Gallardoski.-Produce la ceguera para con uno mismo hasta cierta ternura. Nos preguntamos si es posible que no se dé cuenta de que sus dones antiguos en el territorio de la dialéctica suenan hoy más falsos que un euro de madera. Si de verdad no es consciente de que casi toda la izquierda está de él hasta ahí.  De la derecha mejor no decimos nada.

Tonterías ha dicho a punta pala,  vale, quién no a su edad y sin estar sometido a esa exposición pública que, por otra parte, le gusta tanto y  lo pone más cachondo que unos azotes a una presentadora tontita de cuyo nombre siento no acordarme. Pero también ha dicho algunas verdades como puños. 

Es el tipo de hombre que puede aglutinar en torno a sí mismo todos los reproches.  Cuando grave,  mitinero y solemne,  por espeso en esta época de gansadas bajas en calorías morales.  Cuando conciliador y moderado, por avieso y maquiavélico. 

Sus enemigos y detractores tienen con él donde agarrarse para ponerlo fino. Su elocuencia lo ha traicionado muchas veces y hay que tener en consideración que pertenece a una generación cuyas vidas están expuestas casi al minuto en ese mundo paralelo al mundo real que es internet. Sí, amiguitos, el mundo real es ese donde hay que comer, beber y follar ajenos a la exasperación onanista de las redes.

Recuerdo viendo las culebras que le salen por la boca a más de media España cuando se refieren a Pablo Iglesias que hubo otro de similares virtudes o defectos,  según se mire. Era el llorado Julio Anguita. Ridiculizado hasta la exageración por toda la mediática apisonadora del grupo PRISA. 

Acuérdense los más talluditos del baile, de aquel muñeco del quijote alucinado con el que lo burlaban que tenía como sensata escudera a Cristina Almeida, porque se había empecinado el califa en la redundancia del programa,  programa,  programa. Tres veces,  como los golpes de sangre que tienen los toreros antes de morirse.

Pablo está batiendo todos los récords de inquina y desafecto.

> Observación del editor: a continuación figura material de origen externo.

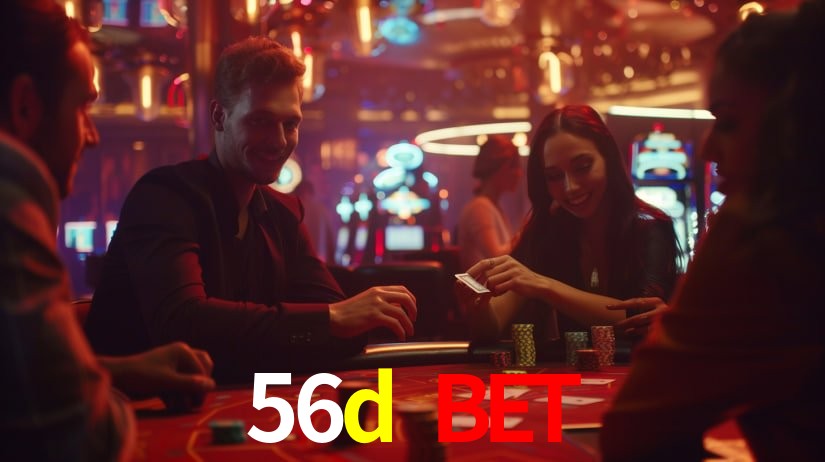 A Popularidade dos Caça-Níqueis no 56d bet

Y lo curioso es que los dardos envenenados le llegan muy inoculados del cianuro por la derecha extrema y el extremo centro, pero tampoco se salva de su buena dosis de cicuta por la otra orilla. 

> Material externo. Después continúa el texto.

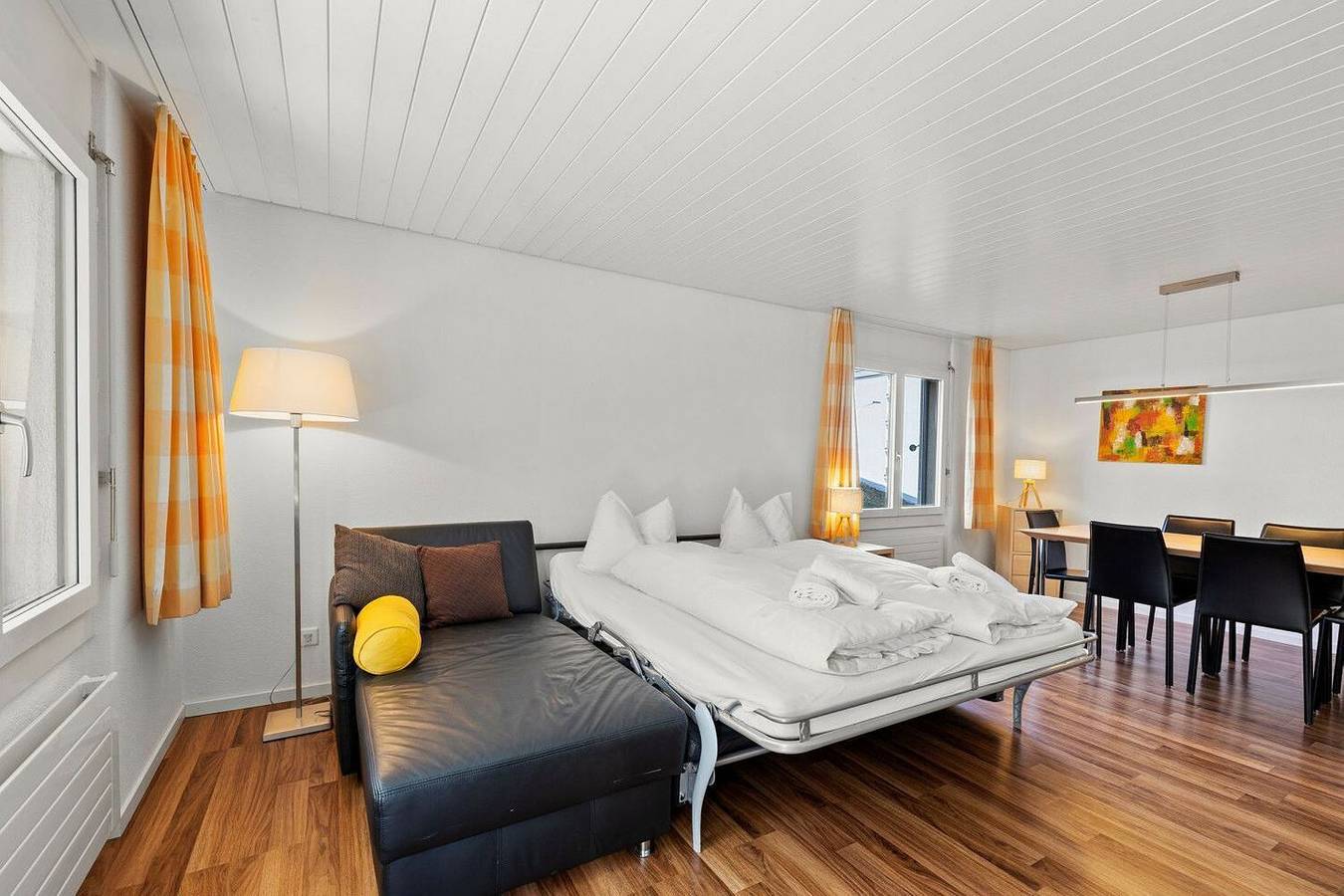 Ganze Wohnung, Ferienwohnung Seestrasse 3, Lenzerheide in Vaz/Obervaz, Plessur Alpen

Digan lo que digan,  el tipo ha tenido los Santos cojones de poner colorada la cara al poder en tres o cuatro ocasiones. Y cuando digo poder no aludo al triste envanecimiento de un político fugaz que actúa,  en definitiva, como el jefe de negociado de aquellos que verdaderamente mandan. Ese señalamiento, el extremo centro democrático y la derecha extrema no se lo van a perdonar nunca, como nunca le perdonará la Cayetana a Carmena que sus tiernos infantes tuviesen que ver una cabalgata de reyes magos que parecía el desfile del día del orgullo gay.

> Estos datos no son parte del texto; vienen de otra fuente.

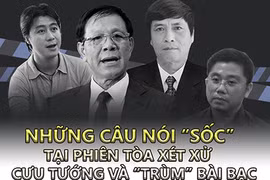 Gallery - Xét xử ông Phan Văn Vĩnh và đồng phạm - image 4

Por la izquierda emancipadora le dan también con fuerza y cuanto más escorada más fuerte el garrotazo. Los inmaculados que no han gestionado en su vida otra cosa que el kiosco de chapas y camisetas estampadas con el Ché mirando al infinito como un Cristito verde olivo, por reformista y cobarde. Y los social demócratas con sus ansias de convertir el mundo en un sucedáneo de Suecia dibujada por la factoría Disney por extremista y coñazo.

A mí, qué sé yo, me desconcierta y cuántas veces habré buscado el mando de la tele nada más verle asomar la mítica coleta por la pantalla para cambiar de canal y poner siquiera la teletienda. 

Y sin embargo es ahora, cuando todos le dicen que no, que no quieren juntarse con él, cuando es real el peligro de una Trumpista alelada y castiza convertida en princesa del filo fascismo cursi,  precisamente es ahora cuando mejor me cae este hombre. Este crepuscular sujeto que, nos pongamos como nos pongamos, no parece abducido más que por su vanidad, pero desde luego no por las poltronas y las prebendas. 

Eso, tal vez, sea lo que más fastidia a sus múltiples y voluntariosos verdugos. Lo harán bueno sus contrarios. Al tiempo.